### DATA ###

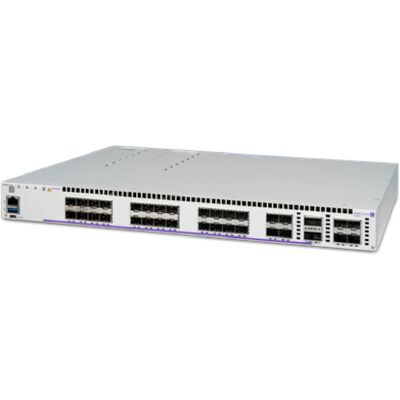 Switch réseau Alcatel-Lucent Enterprise OS6860N-U28-EU - Couche 3, 24 Ports, Gris - Publicité Switch réseau Alcatel-Lucent Enterprise OS6860N-U28-EU - Couche 3, 24 Ports, Gris - Publicité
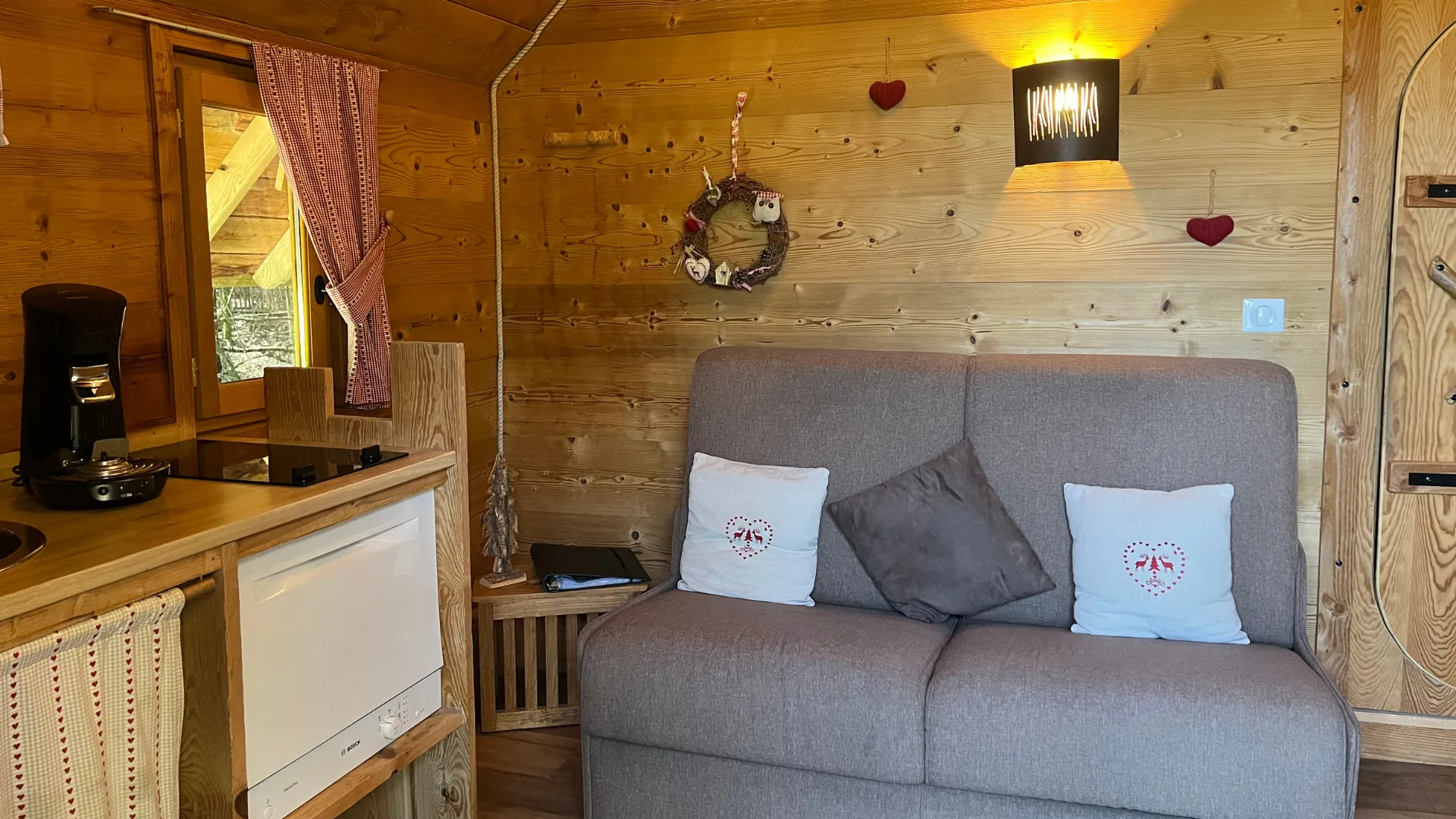Le Repère – Cabane Cosy | Cabanes Nids des Vosges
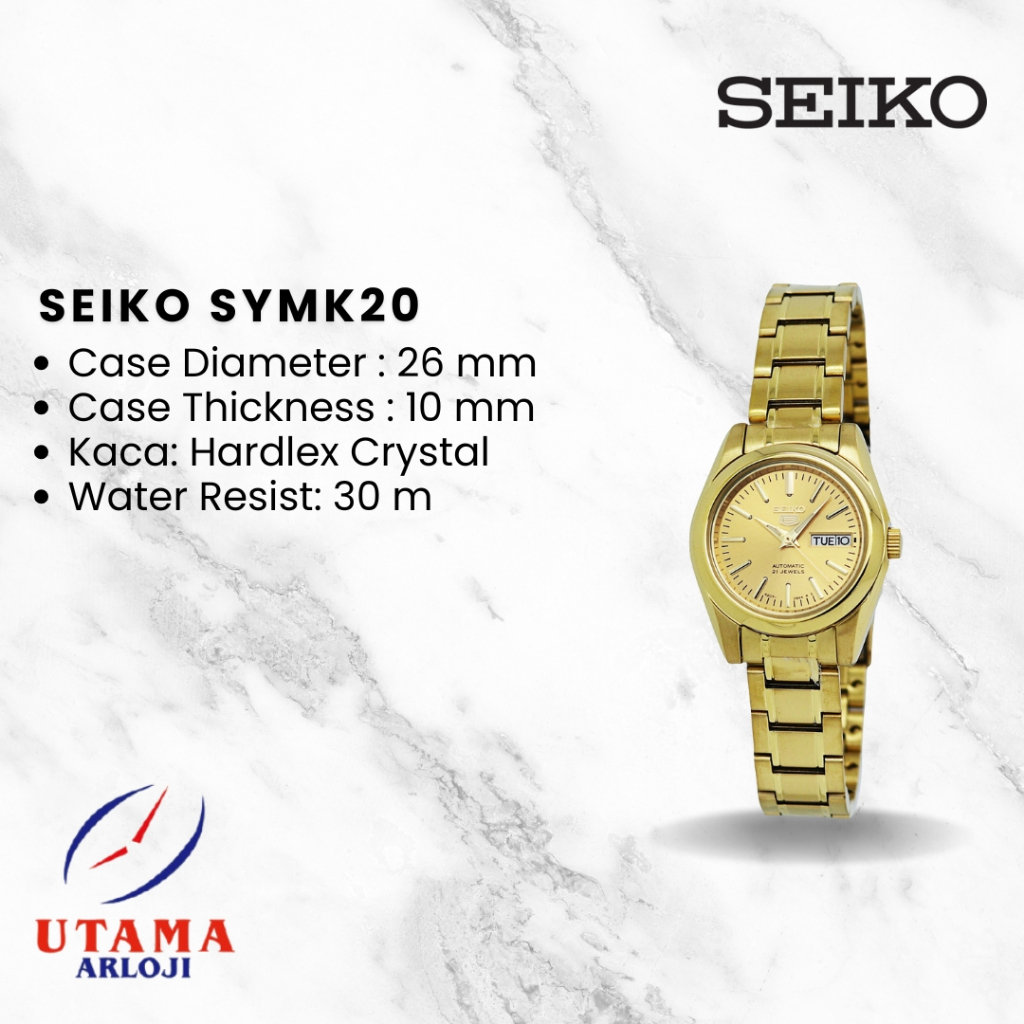 SEIKO 5 Sports SYMK20 Ladies Jam Tangan Wanita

###

## WORK REQUIRED
Repeat the listing exactly, minus its pictures.

## SOLUTION FOR THIS PROBLEM
 Switch réseau Alcatel-Lucent Enterprise OS6860N-U28-EU - Couche 3, 24 Ports, Gris - Publicité Switch réseau Alcatel-Lucent Enterprise OS6860N-U28-EU - Couche 3, 24 Ports, Gris - Publicité
Le Repère – Cabane Cosy | Cabanes Nids des Vosges
 SEIKO 5 Sports SYMK20 Ladies Jam Tangan Wanita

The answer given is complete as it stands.